■ Crawled caption data ■
=== Section Start ===

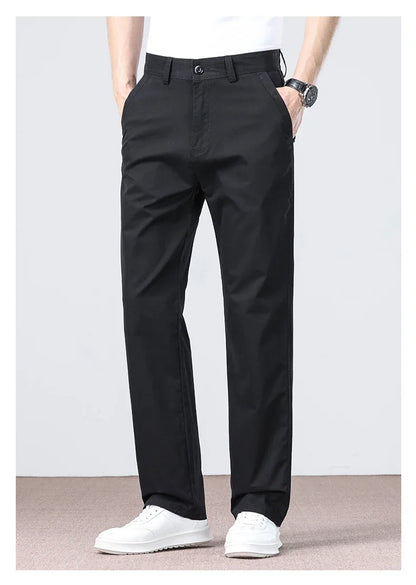 100% Cotton Straight Casual Pants Men's New Cargo Pocket Fashion Brand Comfortable High Quality Business Male Pants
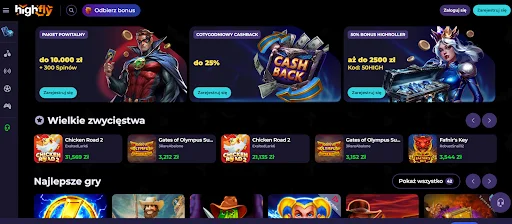 HighFlyBet Kod Promocyjny krok 1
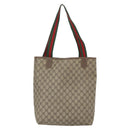 GUCCI GG Supreme Web Sherry Line Tragetasche PVC Beige Auth ti3595-2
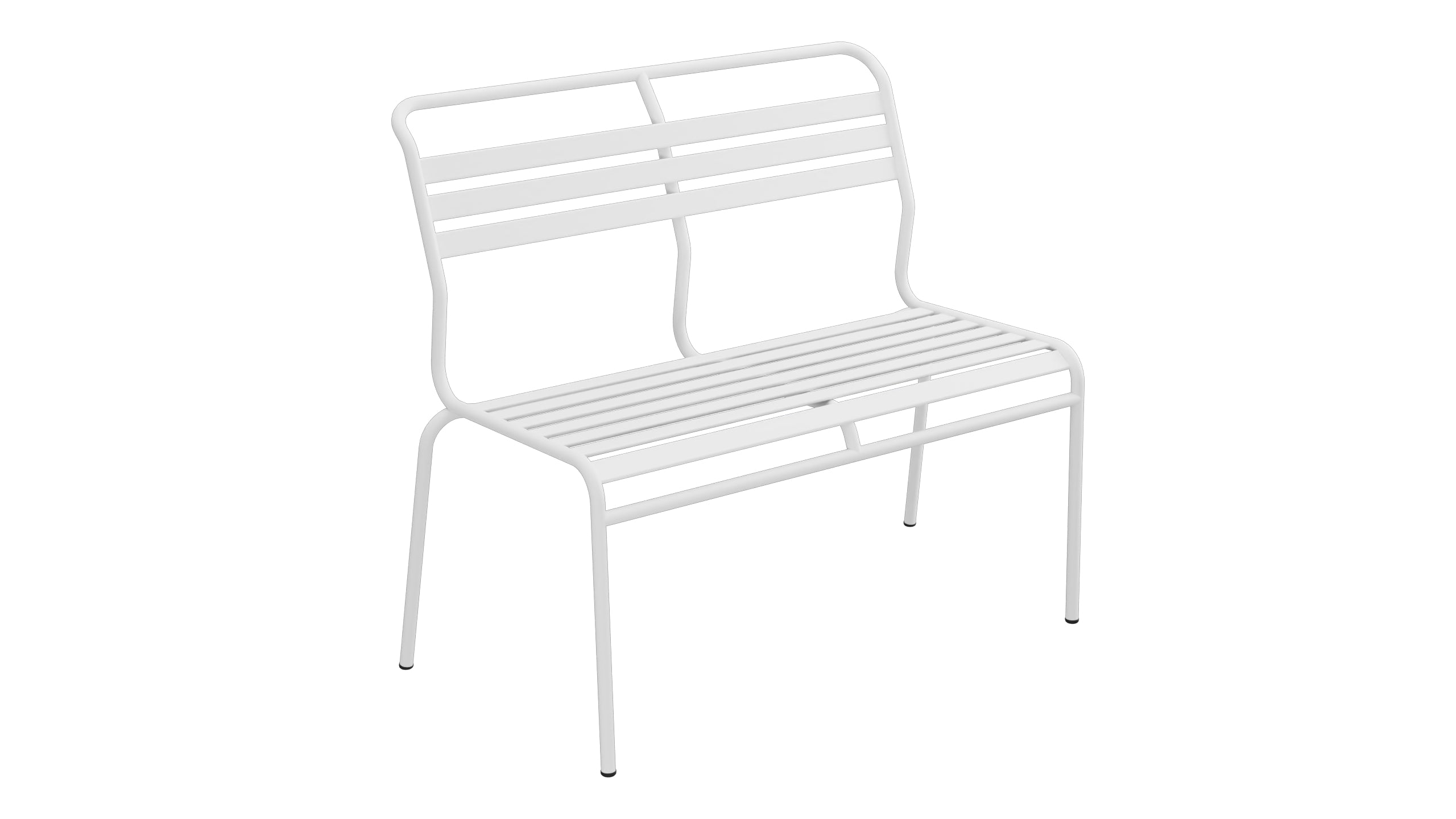 Säntis Lättli-2er Gartenbank ohne Armlehne in Weiss präsentiert im Onlineshop von KAQTU Design AG. Gartenbank ist von Schaffner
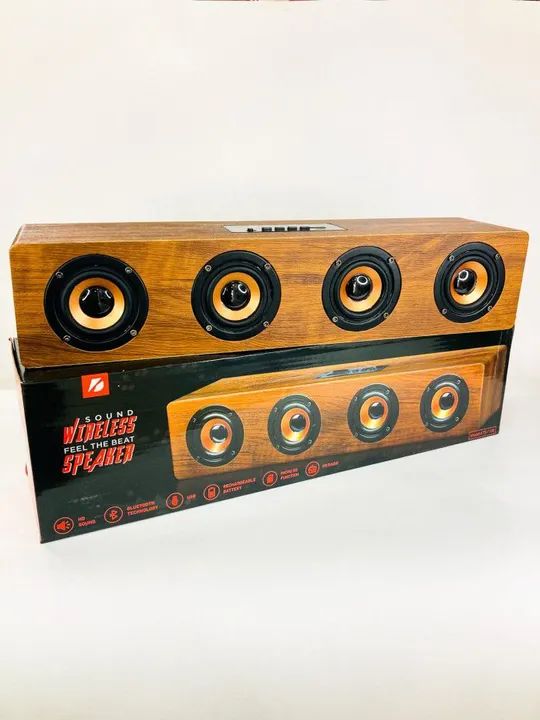 Super Caixa de Som 4 Altofalantes Madeira Recarregável Bluetooth USB Rádio  - Foto 3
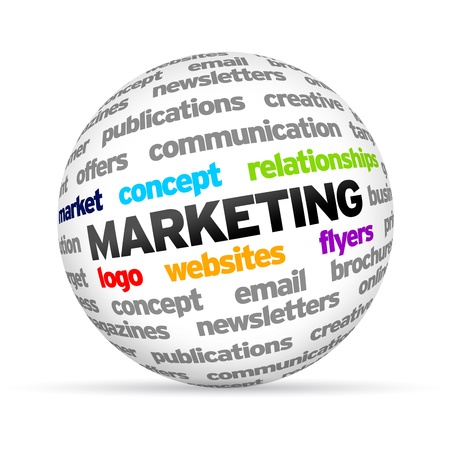 Marketing 3D Word Sphere on white background. の写真素材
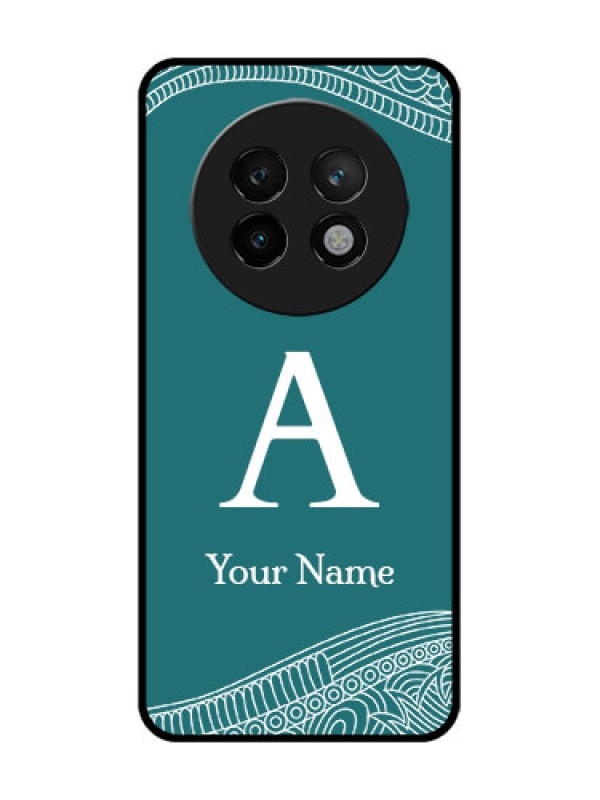 Custom Realme 13 Plus 5G Custom Metal Phone CaseLine Art Pattern With Custom Name Design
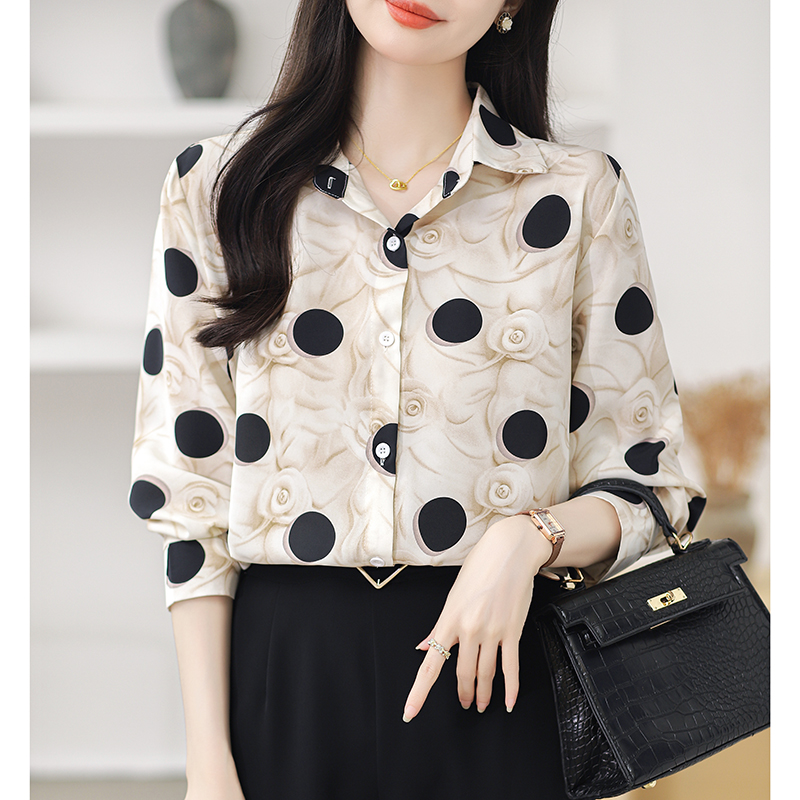 Printing light luxury Casual shirt retro fashion tops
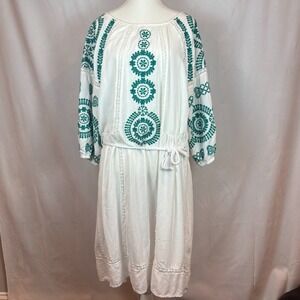 Sundance Tolani Womens White Teal Embroidered Medallion Boho Peasant Dress sz XL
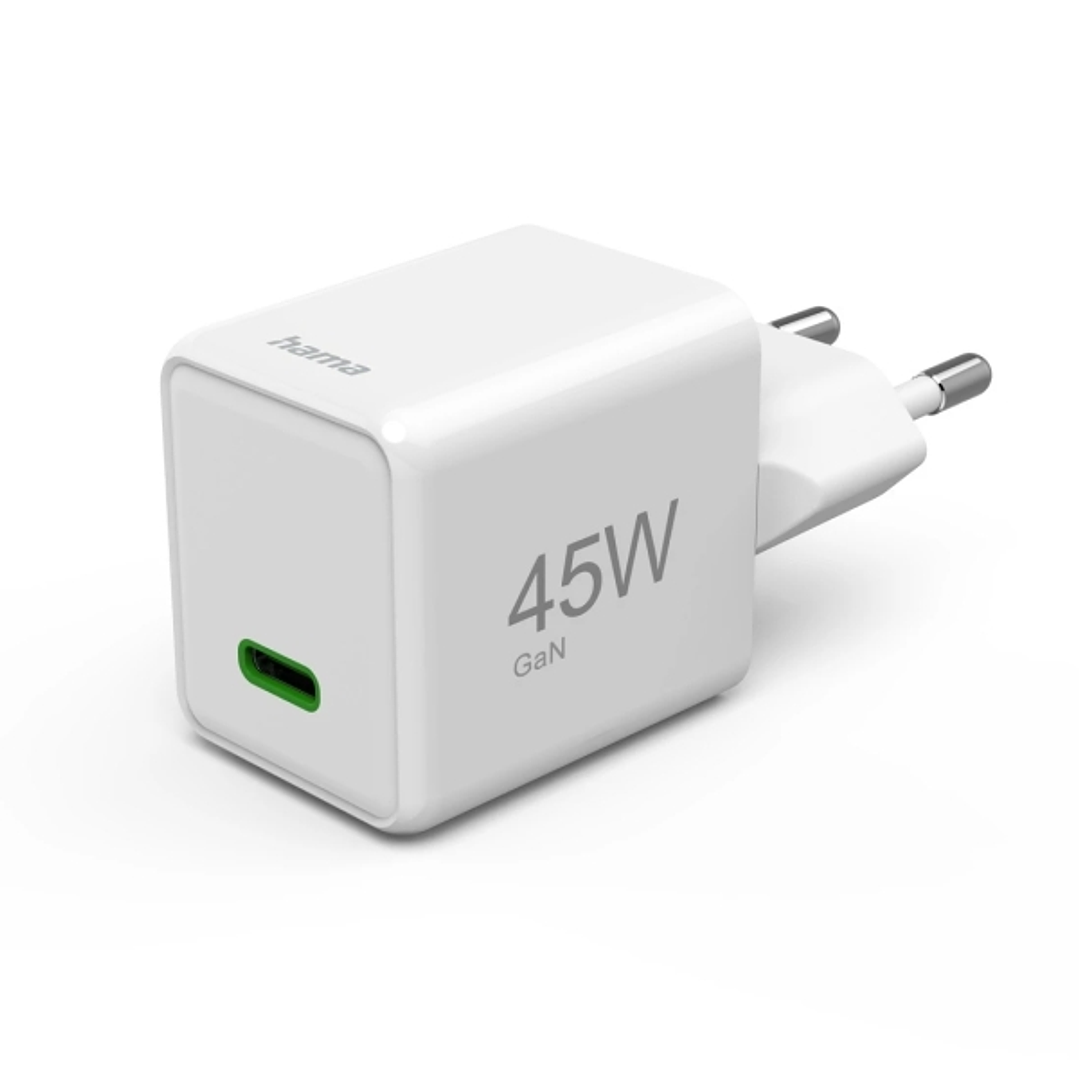 Hama Cargador de Pared - Potencia 45W - USB-C - GaN - Power Delivery - Qualcomm - Color Blanco 1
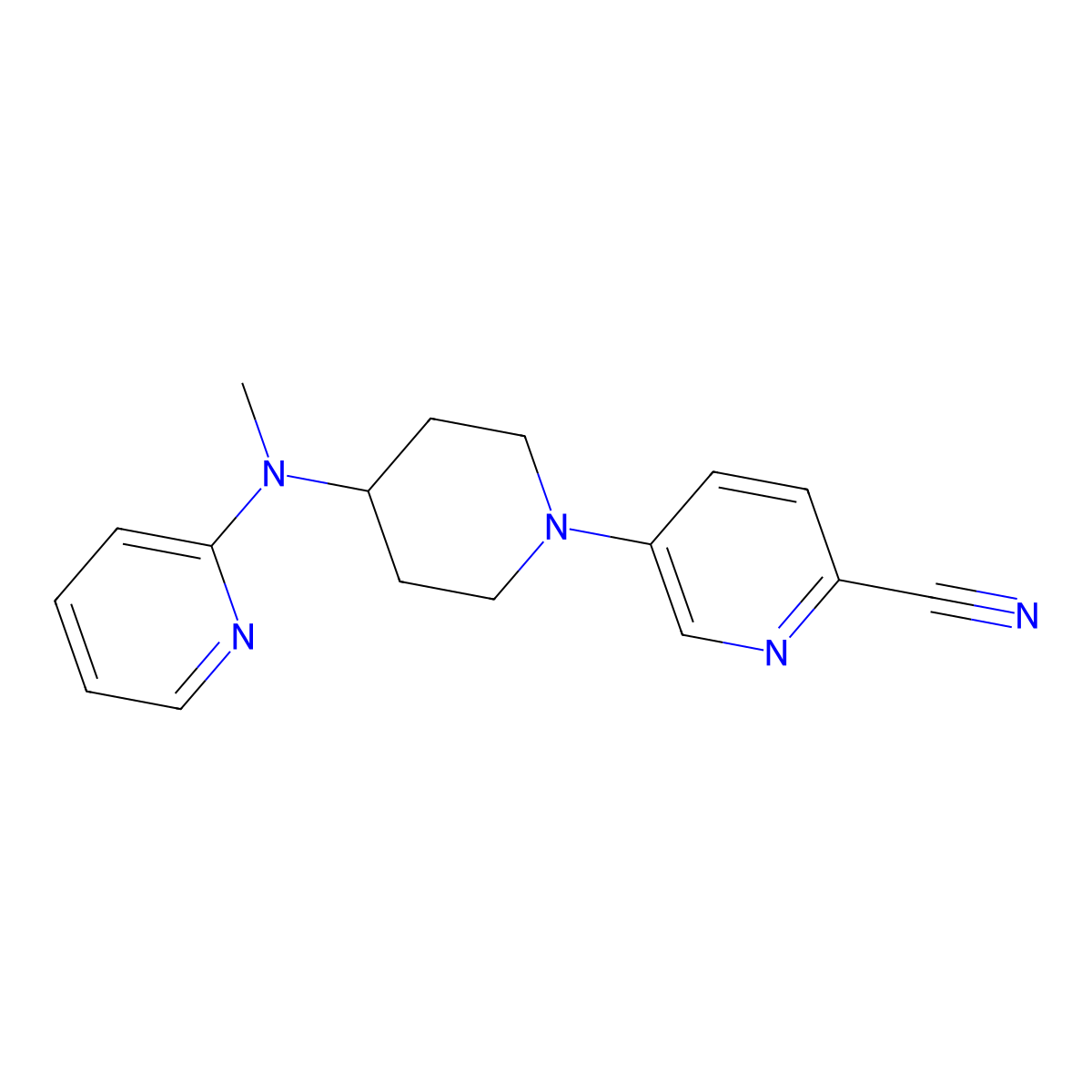 5-{4-[Methyl(pyridin-2-yl)amino]piperidin-1-yl}pyridine-2-carbonitrile molecular structure, CAS 2741907-86-6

=== Section End ===

■ Problem ■
Retype, exactly and only, the lines from the one containing "Printing light luxury" through the end of the entries, both ends included, and omit all pictures.

■ Answer box ■
 Printing light luxury Casual shirt retro fashion tops
 Sundance Tolani Womens White Teal Embroidered Medallion Boho Peasant Dress sz XL
 Hama Cargador de Pared - Potencia 45W - USB-C - GaN - Power Delivery - Qualcomm - Color Blanco 1
 5-{4-[Methyl(pyridin-2-yl)amino]piperidin-1-yl}pyridine-2-carbonitrile molecular structure, CAS 2741907-86-6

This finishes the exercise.